TL;DR
- I read this because.. : It’s been mentioned a lot and…
- task : Open-domain Visual Entity recognition(OVEN).
- Problem :** VLM can answer questions about generic objects, but can’t it pull out finer-grained visual concepts?
- idea : Create an entity based on wikipedia and define the problem of finding the entity that answers the query {image, query} given {image, query}.
- input/output : context image + text query + knowledge base(wikipedia) -> wiki page
- architecture : For dual-encoder, CLIP. 1) CLIP2CLIP, where weights for cosine similarity for 4 things (context image, query <-> wiki page image, text) are learned. 2) CLIP fusion with two layers of transformers that fuse information on top of image encoder and text encoder. 3) PALI finetune with PALI and then output of PALI to BM25 for retrieval from wikipedia. Specific arch is CLIP based ViT-L14 / PaLI-3B and PaLI-17B.
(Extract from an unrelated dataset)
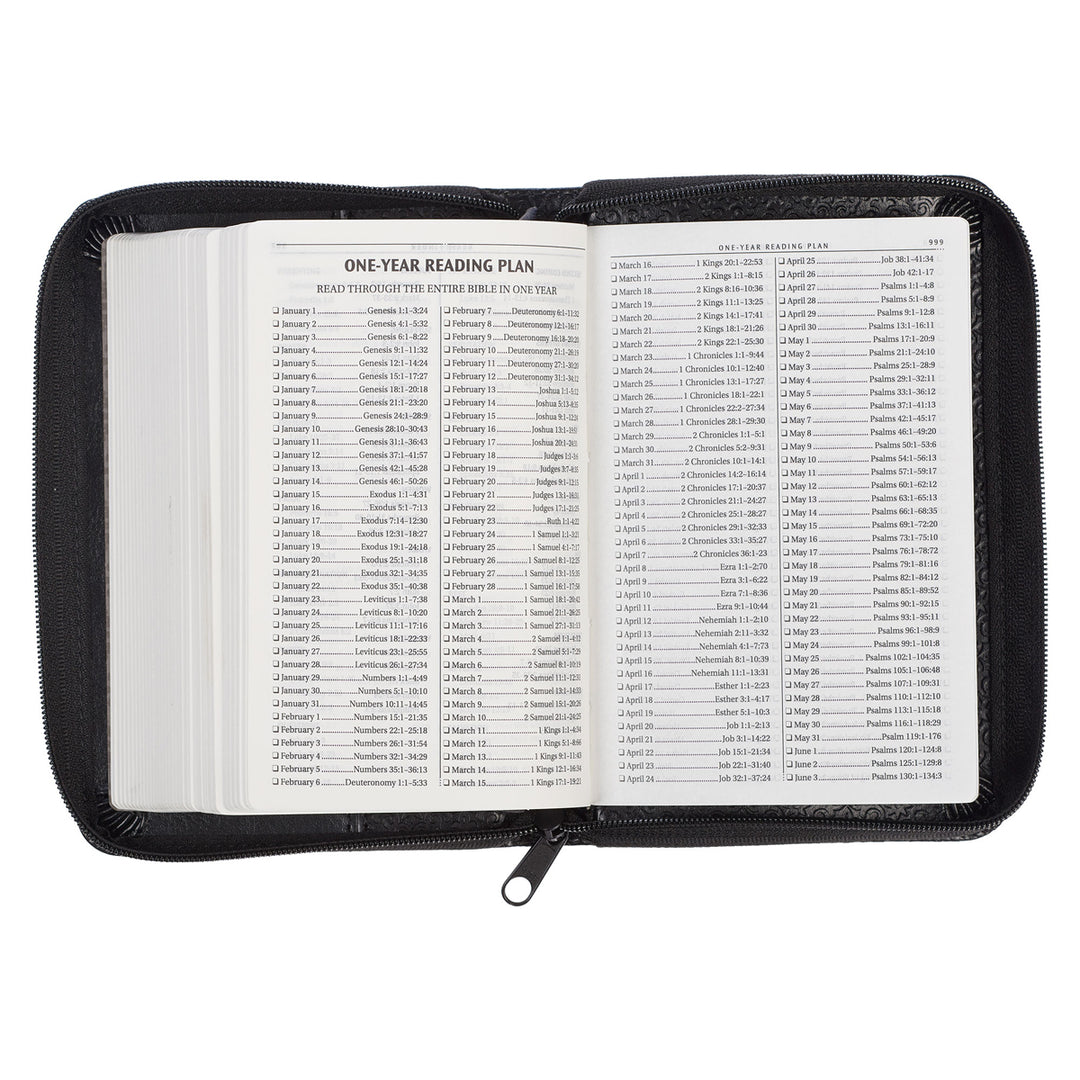 KJV Black Faux Leather Mini Pocket Edition Bible Red Letter With Zip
- objective : For dual encoder, since it is similiarity based, InfoNCE or something like that should have been used? PaLI is CE loss.
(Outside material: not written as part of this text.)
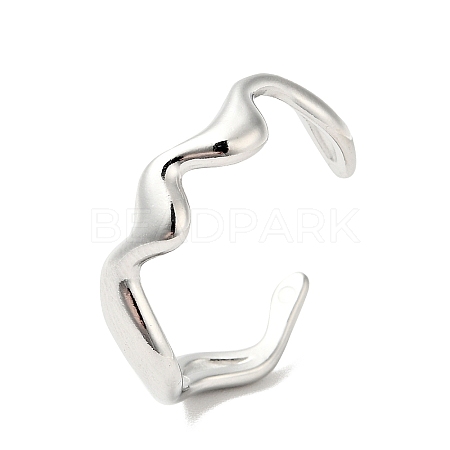 304 Stainless Steel Wave Open Cuff Ring for Women RJEW-C040-02P-1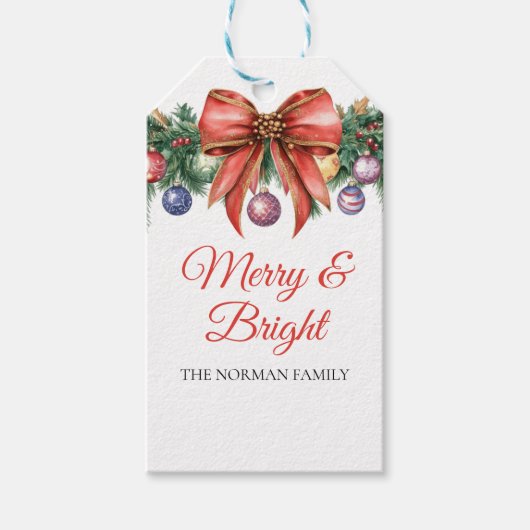 Étiquettes-cadeau Folithe Wreath Merry & Bright Holiday (Devant)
- baseline : I’m proposing a benchmark, so the paper itself is the baseline.
- data : 14 benchmark datasets with wiki and mapping. It looks like it’s been cleaned up a bit and has some human annotations.
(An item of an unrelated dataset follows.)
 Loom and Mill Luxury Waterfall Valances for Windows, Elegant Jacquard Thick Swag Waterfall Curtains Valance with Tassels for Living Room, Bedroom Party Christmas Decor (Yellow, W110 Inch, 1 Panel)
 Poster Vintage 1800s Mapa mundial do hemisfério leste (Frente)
- Prediction with evaluation : accuracy. The harmonic mean of the accuracy for seen entities and the accuracy for unseen entities.
- result : PALI performs better than I expected, i.e., it keeps entities in the model. In particular, query split (based on VQA) performed well. Even for CLIP Fusion and CLIP2CLIP, the performance is similar to PaLI in terms of number of parameters, so it’s a pretty strong baseline!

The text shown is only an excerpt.